Maybe you could use face detection to get the right crop center but even then
there will be a lot of errors and waisted cards.

Most people have a valid ID picture so it's easiest to use that one.

------
cormullion
One suggestion when doing address-book related design work is to add names
such as Jet Li, Arianna Stassinopoulos, Ho Chi Minh, Ludwig van Beethoven, and
Prince (or more appropriate real names) that are annoyingly short or
frustratingly long, or otherwise non-standard, such as consisting of three or
one components instead of the more conventional two. Better to know in advance
of any layout problems you'll face ... :)

------
reddiric
Great job putting together a prototype. Although I'm going to list specific
complaints, I appreciate the effort in creating and risk in sharing, so good
job and thanks.

\- I don't follow the circle photo fad.
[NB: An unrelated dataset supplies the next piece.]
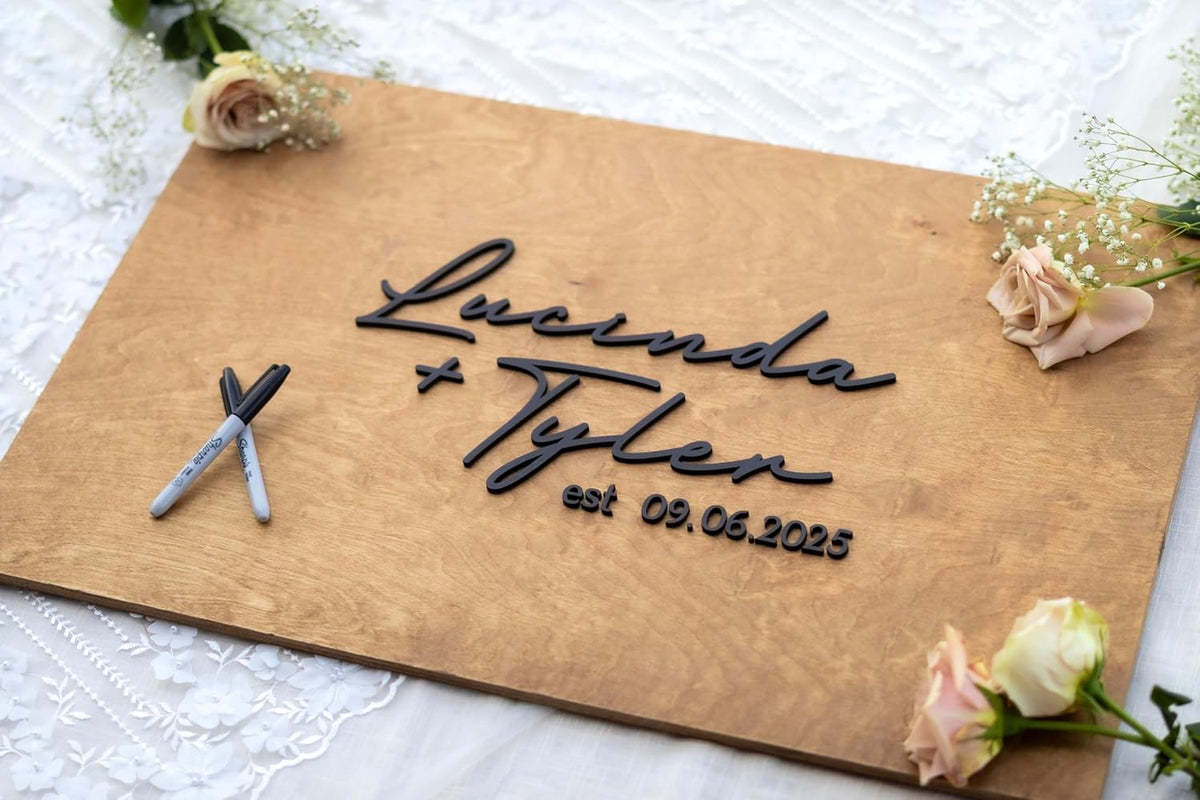 Personalized Last Name Guest Book, Unique Guest Book Sign, Custom Alternative Guest Book, Wooden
It seems like an unnecessary
complication (implementation and design element)

\- By moving information to the back, you're assuming that the facilities
which create these badges have the ability to do double-sided prints on the
badges, and if they have the technical ability that it won't increase the time
or work required to print a badge.

\- You're assuming that the badge printer can print completely to the edge.

\- Removing the "Employee" text and relying on the blue color is an
accessibility problem (color-blind people need this information)

\- Customizing your badge photo adds security policy complications.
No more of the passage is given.